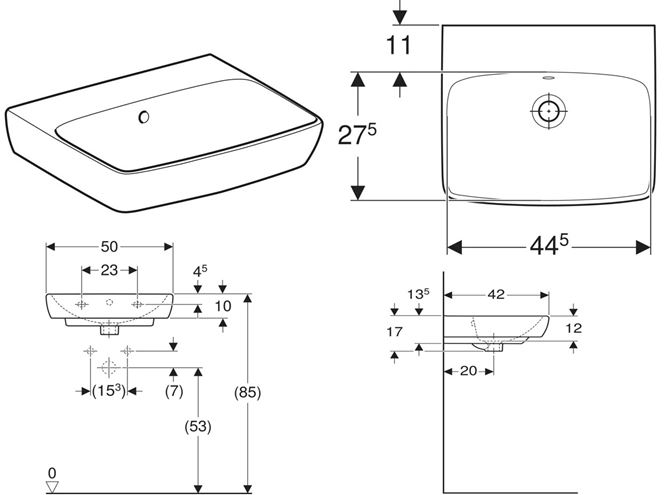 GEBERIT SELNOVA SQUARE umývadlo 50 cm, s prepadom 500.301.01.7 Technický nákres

= = = = = = =

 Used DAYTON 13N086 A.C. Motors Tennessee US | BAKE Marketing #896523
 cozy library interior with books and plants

= = = = = = =

_WHAT IS NEEDED_
From the records above, transcribe without alteration every line from the one with "Used DAYTON 13N086" to the one with "cozy library interior with books and plants", inclusive.

_SOLUTION TO THE PROBLEM_
 Used DAYTON 13N086 A.C. Motors Tennessee US | BAKE Marketing #896523
 cozy library interior with books and plants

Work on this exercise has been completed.